ここでは、「忍耐」「忍ぶ」「耐える」という言葉が、多くの否定形であらわされる慎ましい美徳を囲む枠となっています。いや、それよりも、忍耐を意味する二つの動詞が、とってもポジティヴな動詞をその内に囲み入れていることに注目してください:「信じる」「望む」という動詞です!パウロは言います、愛はすべてを信じつつ忍び、すべてを望みつつ耐えるのだと。愛の忍耐というものは、ですから、どこまでも、徹頭徹尾ポジティヴなもの。それは、愛が信頼・信仰が実りをもたらすこと、希望が実際にかなうということを、前もってヴィジョンとして見据えているからです。

 パウロは、自身、あらゆる苦難の杯を飲み干した人です。彼は、その不安に駆られた心に「まったく安らぎがなく、ことごとに苦しんでいました。」と書いています。「外には戦い、内には恐れがあった」と言うのです(コリントの信徒への手紙二7章5節)。しかし、彼は、その苦難の只中で、「忍耐が耐久力(練達)を生み、持久力が希望を生む」(新約聖書ローマの信徒への手紙5章4節)と確信して書いてもいるのです。パウロという人は、このように、忍耐の終わりを信じて、望みみて、具体的に乗り越える力をえたのでした。

歴史と人生の夜に―もっとも暗い中で輝く愛の待望

 同じように、忍耐を伴う愛の例として、戦中戦後の二つの詩とその詩人をぜひ紹介させてください。ブレスラウ(ヴロツワフ)のディートリヒ・ボンヘッファー〔Bonhoeffer, Dietrich 1906-1945〕と、台南(台湾)の高俊明〔1929-〕という人の詩です。

 ナチスの時代終焉の年に、獄中で殉死したドイツ人神学者ディートリヒ・ボンヘッファーは、パウロの言葉を自分なりに言い換えて言いました。「愛は待つ、ずっと待つ、最後まで待つ。愛に忍び難いことなど決してない。愛は我を忘れず、そして強制しない」。

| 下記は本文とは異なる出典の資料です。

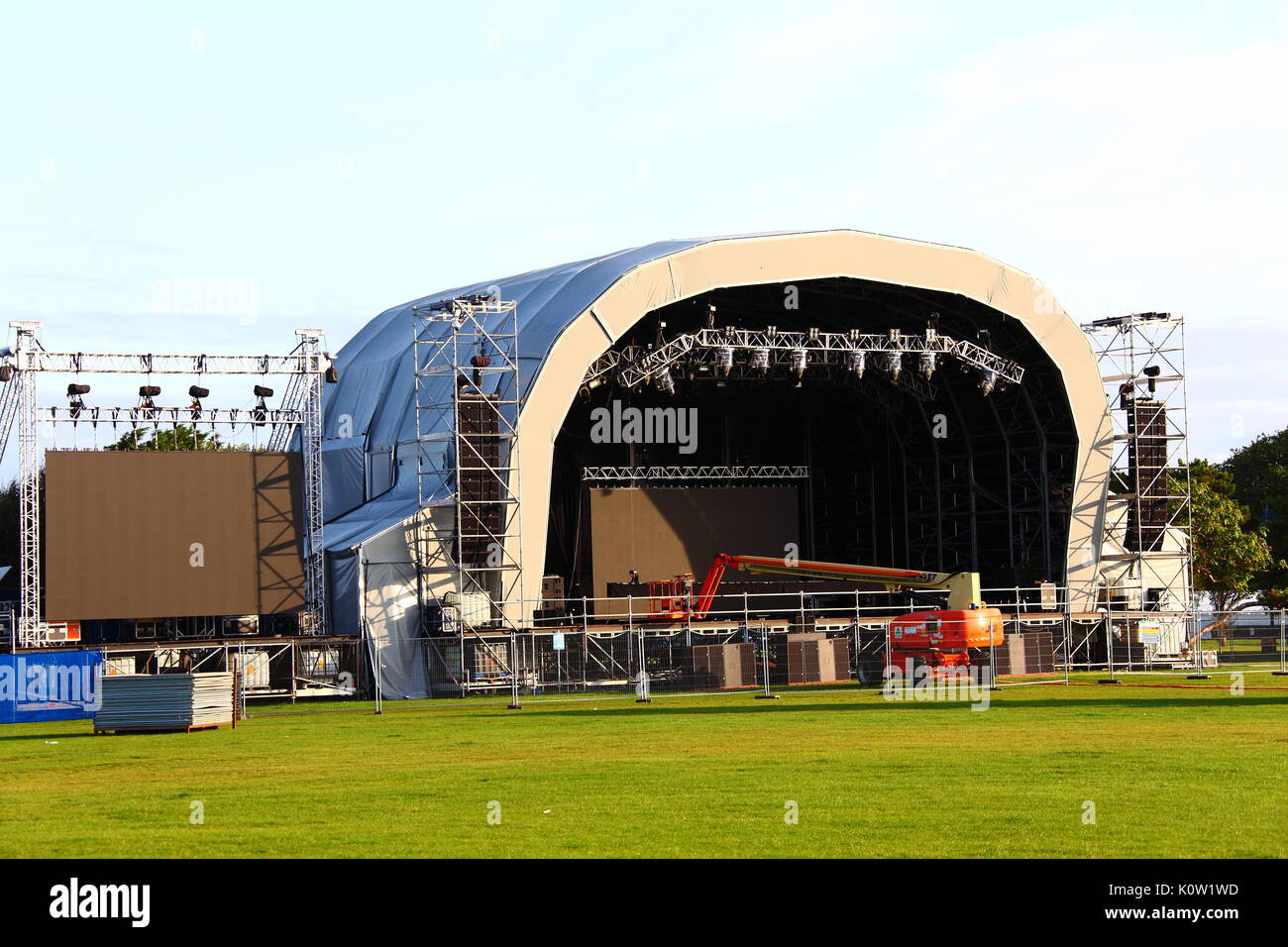 Southsea, UK. 24 août, 2017. Festival victorieux en août Southsea Bank Holiday Weekend 2017 : Crédit Photographie FSM/Alamy Live News Banque D'Images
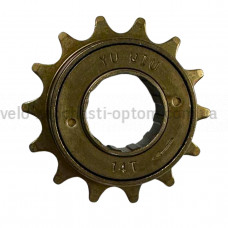 Тріскачка фривіл 14Т BMX одинарна YU UIU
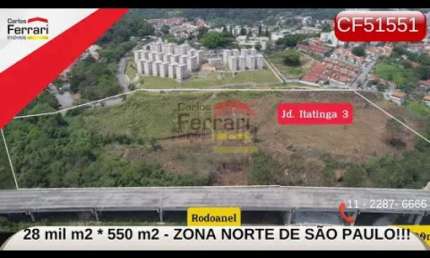 Terreno à venda na Rua Itabira, 8000, Vila Santos, São Paulo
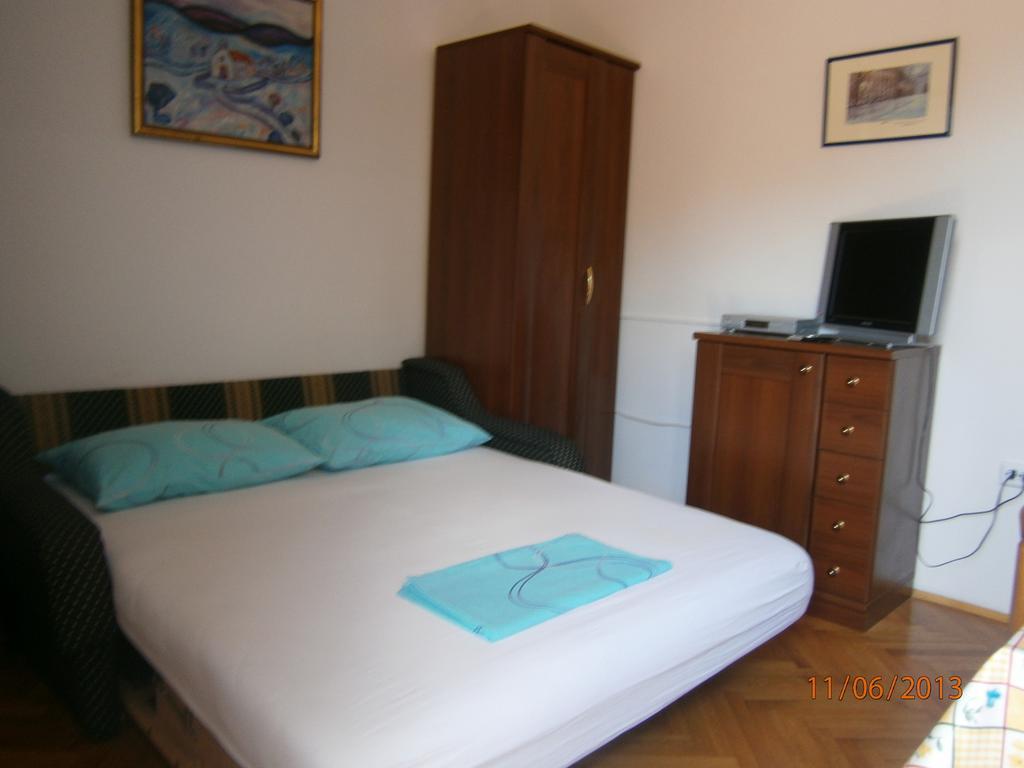 Villa Miranda - Croazia Omiš Oda fotoğraf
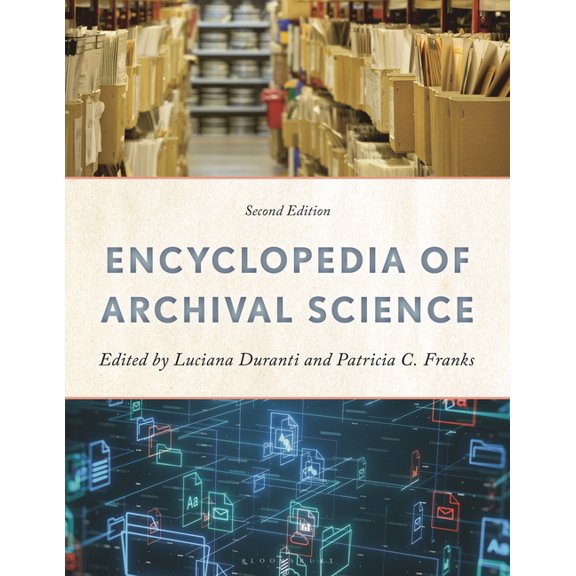 Encyclopedia of Archival Science, (Hardcover)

そのボンヘッファーが1944年〔処刑の前年〕年末に獄中で書いた詩があります。世界史と人生の夜に書かれた詩です。それなのに、この詩には、忍耐のうちに彼が見た信頼が言い表され、希望の光が溢れます。
   
   ああすばらしき よき力にまもられて   
     われら安らかに待ちのぞむ 来るべき日を
    神いまし われらのかたわら 夜に朝に 
     然り確かに すべての朝日(あした)に
  
 ああすばらしき、獄中での信頼と希望のイメージ!これは、彼にとっては、愛から来るヴィジョンでした。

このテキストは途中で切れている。